This whole time I thought they were real life siblings but just not twins, haha
OH SO THATS WHY THEY PLAY TWINS, CAUSE OF SAME BIRTHDAY
FUN
What confused me so much this episode was the people blaming keyleth for trying to keep the riot going, THEN getting upset at her for going to the sun tree when literally everyone else in the party wanted to go there. Why did she get blamed for the sun tree when percy was the one who brought up the idea and everyone else backed him
Its all about game play, they needed to rest and she wanted to keep going. Basically this was asking for a tpk or player death to happen and its only thanks to the DM that they weren't overwhelmed.
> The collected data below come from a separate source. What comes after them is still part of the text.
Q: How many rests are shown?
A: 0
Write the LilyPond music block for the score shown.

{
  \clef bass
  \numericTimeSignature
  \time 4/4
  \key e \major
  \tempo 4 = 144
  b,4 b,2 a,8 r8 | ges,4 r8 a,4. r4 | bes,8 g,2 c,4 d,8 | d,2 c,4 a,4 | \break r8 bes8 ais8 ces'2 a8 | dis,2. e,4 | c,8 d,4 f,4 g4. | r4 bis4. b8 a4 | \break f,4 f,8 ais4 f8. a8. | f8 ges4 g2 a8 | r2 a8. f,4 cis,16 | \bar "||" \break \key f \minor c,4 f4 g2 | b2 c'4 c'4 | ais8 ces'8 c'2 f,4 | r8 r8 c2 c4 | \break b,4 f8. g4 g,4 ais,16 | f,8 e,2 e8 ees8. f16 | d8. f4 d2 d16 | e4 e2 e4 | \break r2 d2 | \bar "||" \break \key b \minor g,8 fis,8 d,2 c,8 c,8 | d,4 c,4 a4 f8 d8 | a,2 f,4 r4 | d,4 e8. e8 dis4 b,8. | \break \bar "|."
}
Role play wise she was justified but gamewise she was not.
@@Ragefor3Dayzsounds like a flaw in mechanics to me.
Kinda justified gamewise in that forwarding time 8 hours in the middle of an uprising probably wouldn't have helped the peasants@@Ragefor3Dayz
Bc sexism and she gets in the way of their fantasies with Vax
Well that was a frustrating episode to watch. Part one, featuring Triceratops Rambo Scanlan, was hilarious and amazing. Part two, ending with the DM practically begging everyone to help the people (that they convinced to fight for them), only to ignore them until they were all dead, was painful to watch.
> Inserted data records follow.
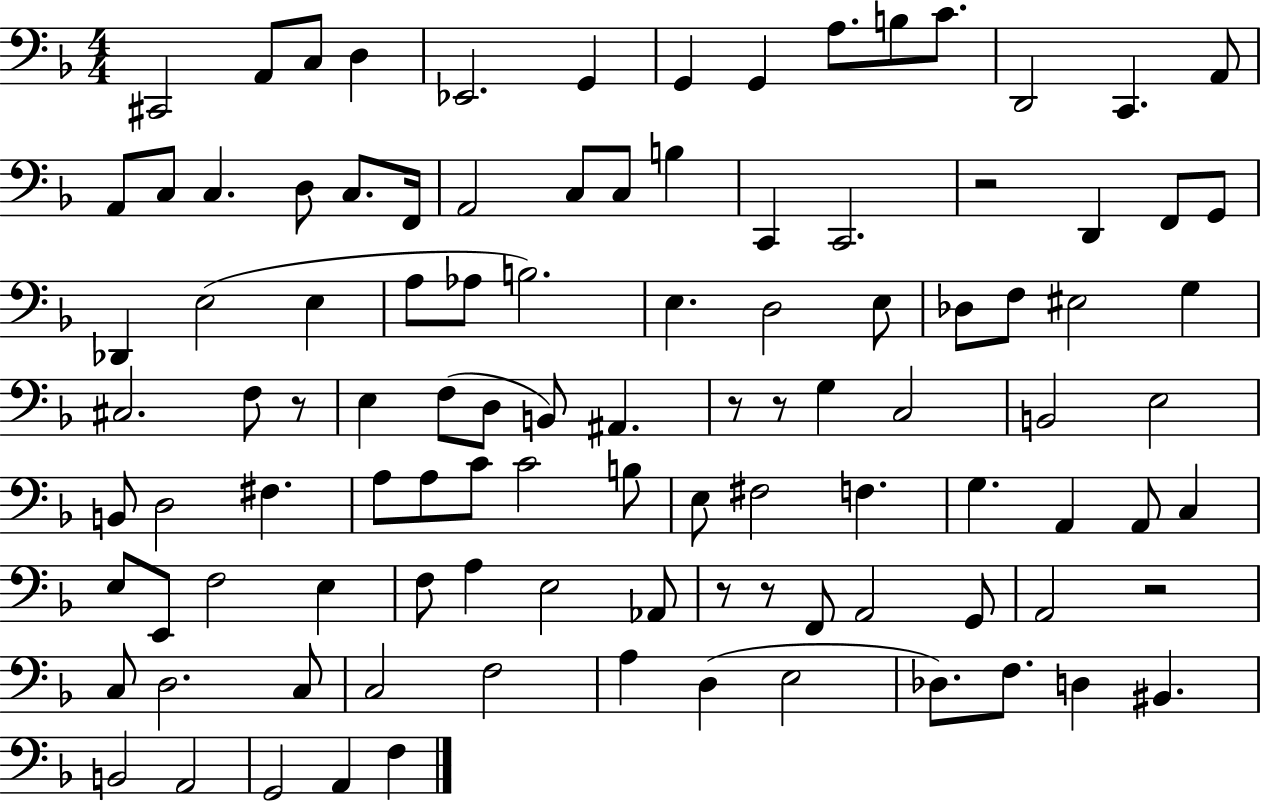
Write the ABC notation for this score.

X:1
T:Untitled
M:4/4
L:1/4
K:F
^C,,2 A,,/2 C,/2 D, _E,,2 G,, G,, G,, A,/2 B,/2 C/2 D,,2 C,, A,,/2 A,,/2 C,/2 C, D,/2 C,/2 F,,/4 A,,2 C,/2 C,/2 B, C,, C,,2 z2 D,, F,,/2 G,,/2 _D,, E,2 E, A,/2 _A,/2 B,2 E, D,2 E,/2 _D,/2 F,/2 ^E,2 G, ^C,2 F,/2 z/2 E, F,/2 D,/2 B,,/2 ^A,, z/2 z/2 G, C,2 B,,2 E,2 B,,/2 D,2 ^F, A,/2 A,/2 C/2 C2 B,/2 E,/2 ^F,2 F, G, A,, A,,/2 C, E,/2 E,,/2 F,2 E, F,/2 A, E,2 _A,,/2 z/2 z/2 F,,/2 A,,2 G,,/2 A,,2 z2 C,/2 D,2 C,/2 C,2 F,2 A, D, E,2 _D,/2 F,/2 D, ^B,, B,,2 A,,2 G,,2 A,, F,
The party are pretty weakened remember that. And they need to recharge from a long rest. They pretty much describe why they can't do much
Keyleth is not my favorite character but I don't understand the hatred for her and Marisha. Keyleth was 100% right, you can't just start the rebellion and then abandon it to sleep, especially with zero communication. Like yes you need to rest but you rallied the townsfolk, you gotta get out there and help with what you started.
Keyleth: "OMG WE CAN'T JUST LEAVE THE CIVILIANS TO DIE!"
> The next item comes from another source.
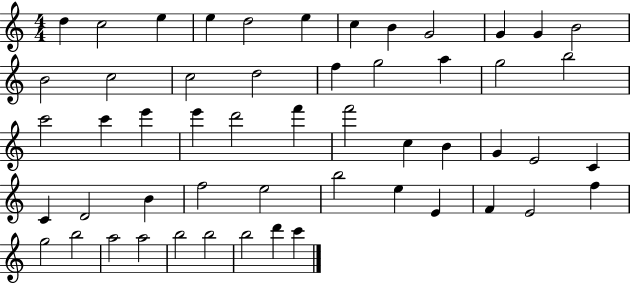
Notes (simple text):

Also Keyleth: "Oh look at this tree, I'm going to climb it, and ignore/interrupt the DM while he's describing the civilians currently trying to survive a zombie giant attack right behind us"
@@jokerlaughirl7484 This isn't an army. Its a fucking rag-tag uprising, incited by the actions of VM, and their opponents are an undead army that are literally always awake and won't stop until they kill everybody or are called off. They don't have the organization or chain of command to strategize shifts to hold a frontline because the whole town is the battlefield, nor do they have a fortified position to fall back to once their momentum has died down. A rebellion like this should, by all means, be a one-time, all-in push with the goal of securing the town. That would at the very least require that they kill all of the giants and find out who in the village is leading the rebellion so that they can organize with them.
Keyleth realizing that the battle is underway and that you have to fucking do something NOW isn't ridiculous, but the rest of the group thinking that a bunch of fucking villagers can survive or even retreat from an undead army while VM takes a rest certainly is.
@@jokerlaughirl7484 tldr is that you don’t know what you’re talking about. Short enough for you?
@@jokerlaughirl7484 No, I was trying to start an intelligent discussion but I've realized you're incapable of that. Have fun with... whatever it is you're trying to do.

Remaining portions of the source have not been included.